- [EXERCISE]: Using the data below, reproduce exactly the lines from the line with "W/53 Lift (#18018);" to the line with "Dragon Blood Jasper", both included; pictures must be dropped.

[INPUT MATERIAL]

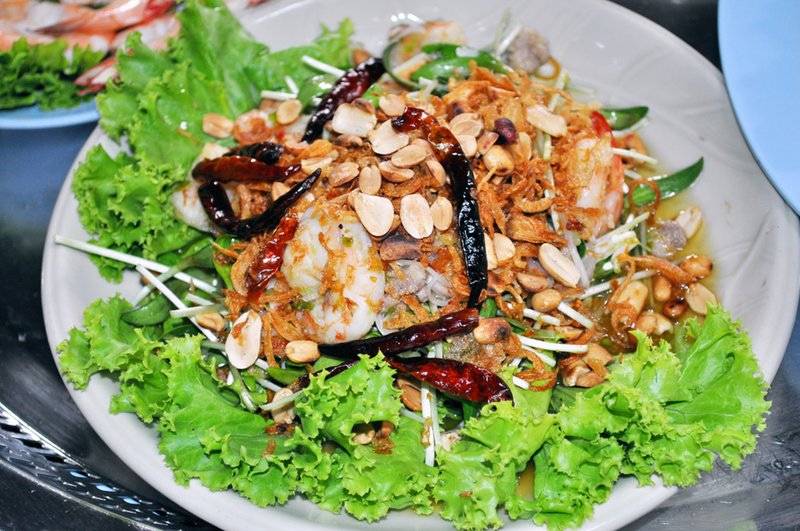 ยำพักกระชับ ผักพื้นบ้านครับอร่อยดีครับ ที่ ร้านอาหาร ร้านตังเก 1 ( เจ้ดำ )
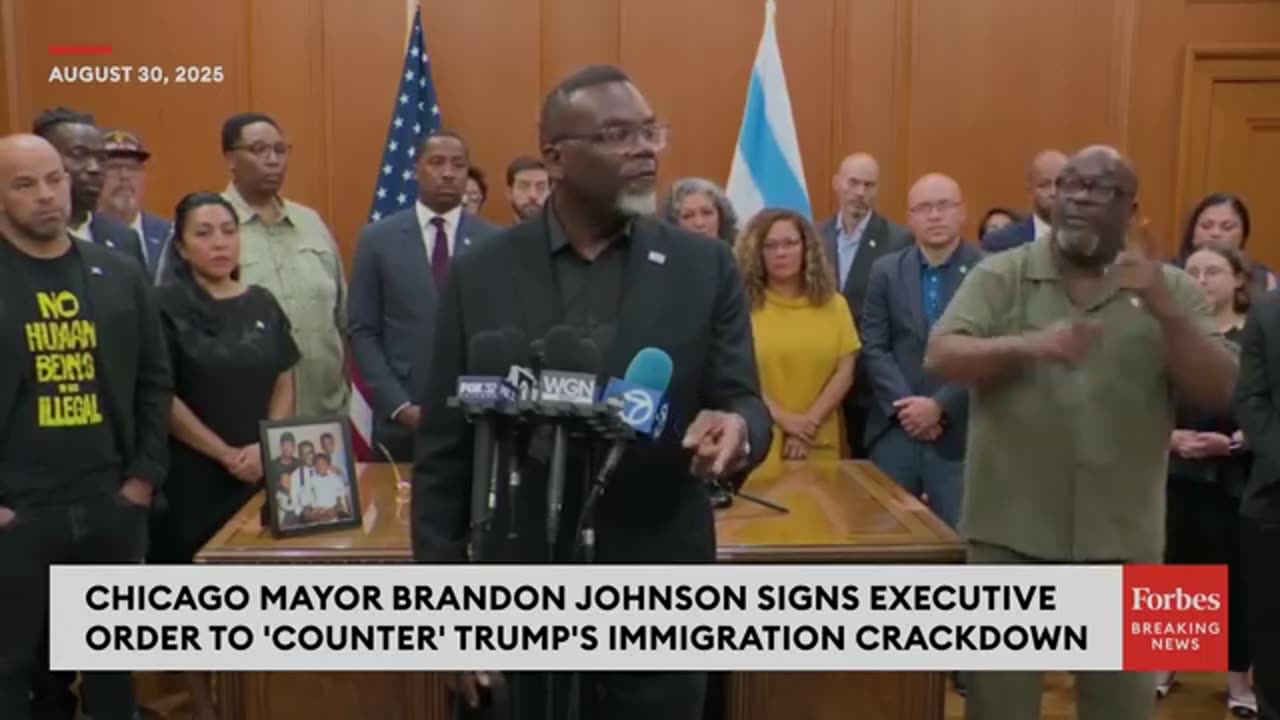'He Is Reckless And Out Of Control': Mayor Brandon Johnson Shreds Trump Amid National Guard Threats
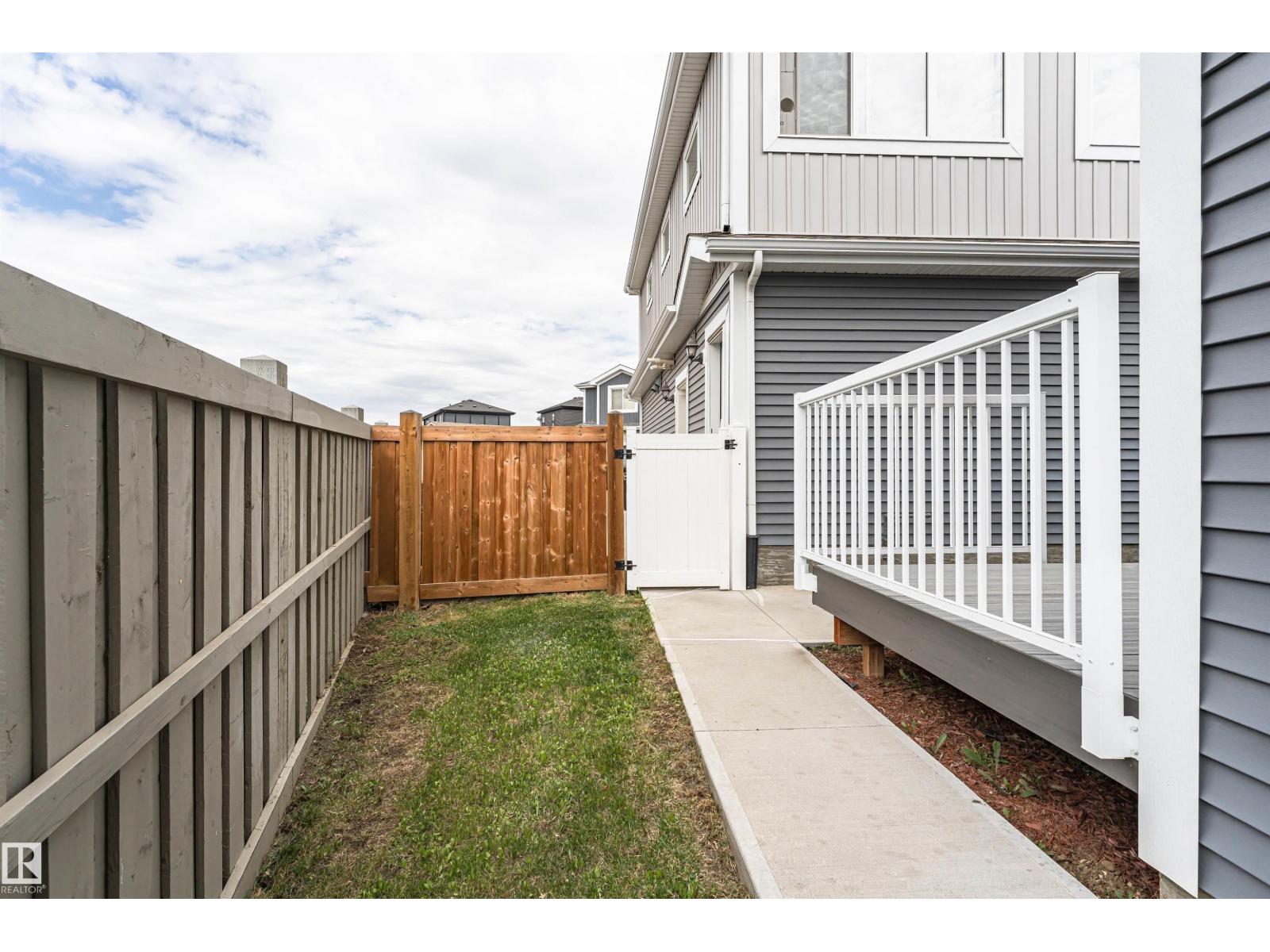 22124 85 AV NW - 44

[/INPUT MATERIAL]
[INPUT MATERIAL]

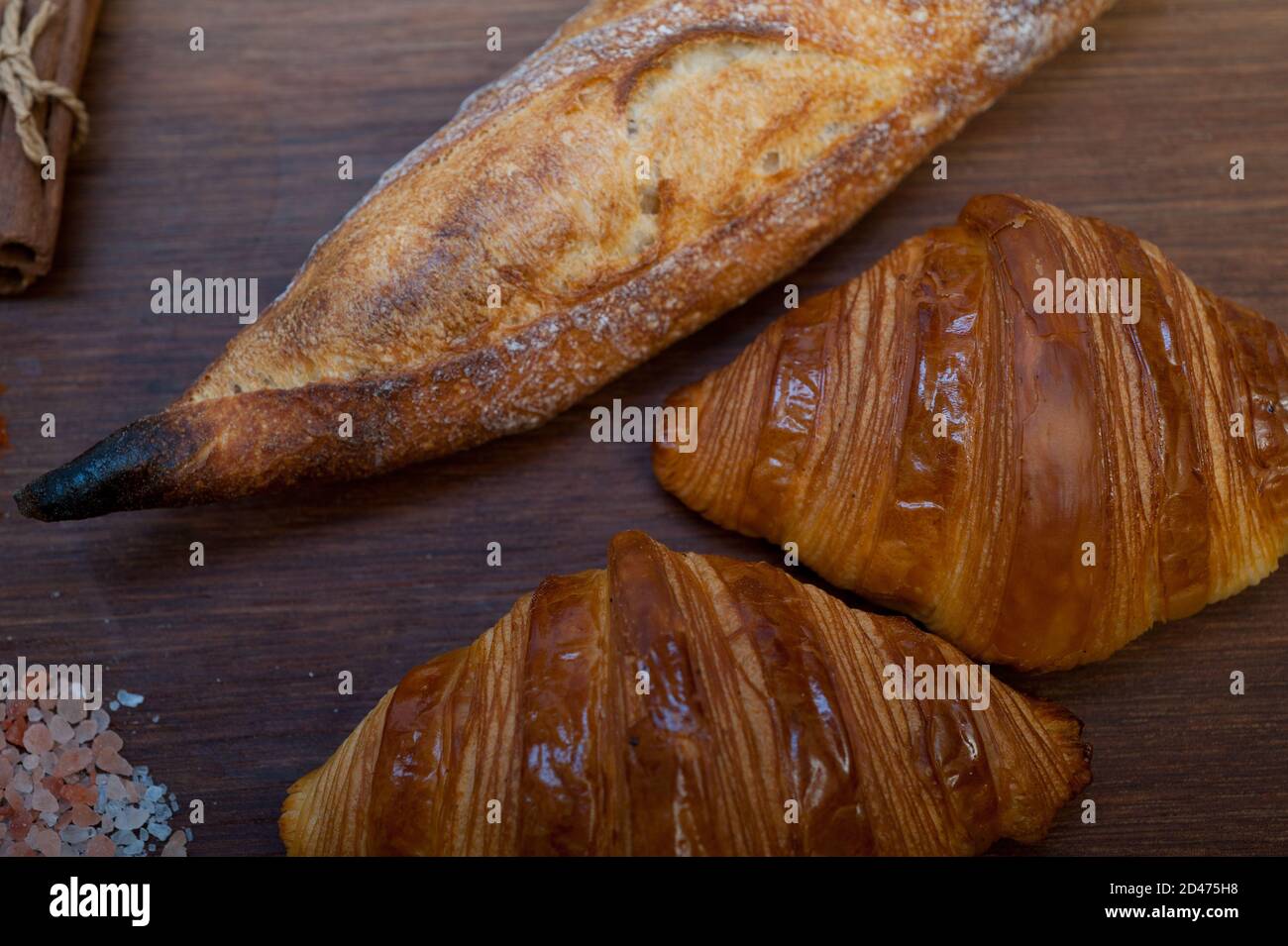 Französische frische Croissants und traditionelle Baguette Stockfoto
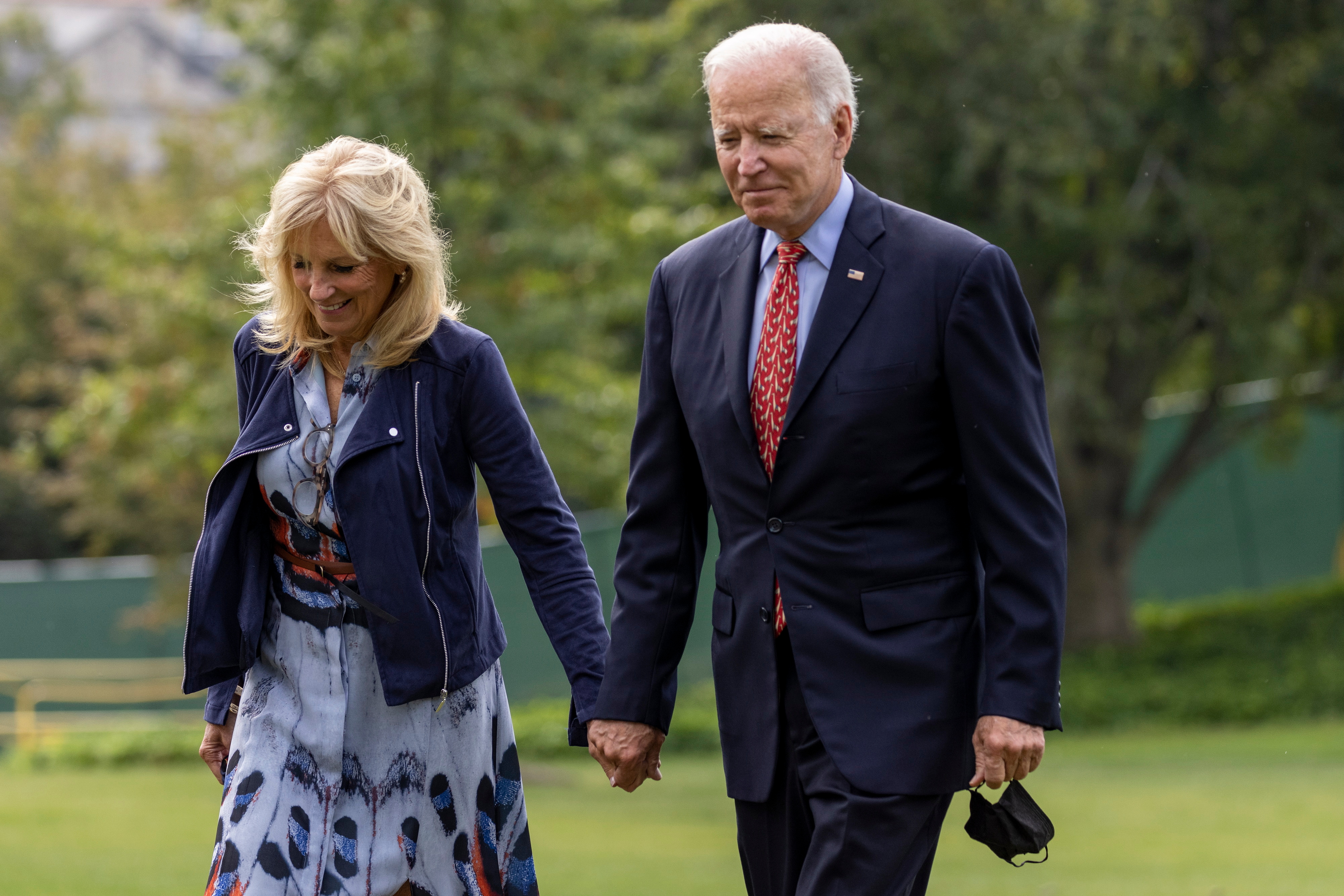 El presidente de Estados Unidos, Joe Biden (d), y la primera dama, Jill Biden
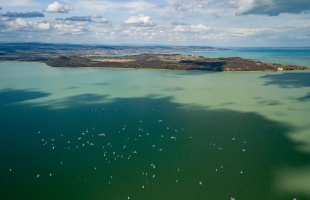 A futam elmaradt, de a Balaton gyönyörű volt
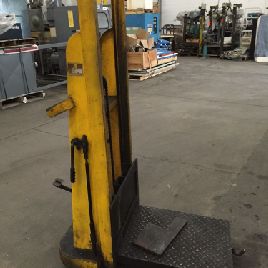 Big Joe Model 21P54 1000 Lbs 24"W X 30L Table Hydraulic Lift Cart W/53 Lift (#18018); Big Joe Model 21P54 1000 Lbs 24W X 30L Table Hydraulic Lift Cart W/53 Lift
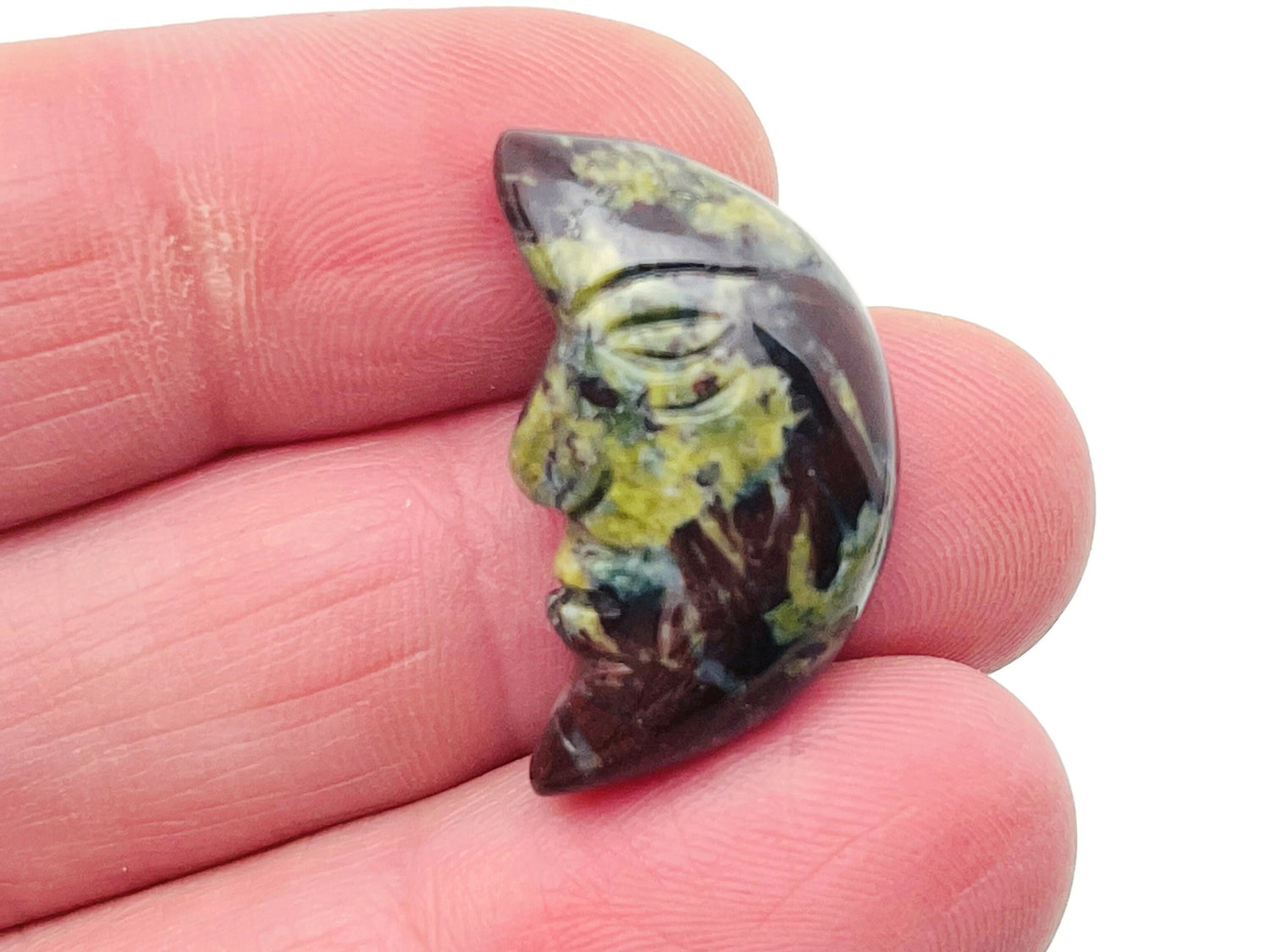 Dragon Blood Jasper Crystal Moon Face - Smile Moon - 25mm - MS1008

[/INPUT MATERIAL]

- [PROBLEM SOLUTION]:
 Big Joe Model 21P54 1000 Lbs 24"W X 30L Table Hydraulic Lift Cart W/53 Lift (#18018); Big Joe Model 21P54 1000 Lbs 24W X 30L Table Hydraulic Lift Cart W/53 Lift
 Dragon Blood Jasper Crystal Moon Face - Smile Moon - 25mm - MS1008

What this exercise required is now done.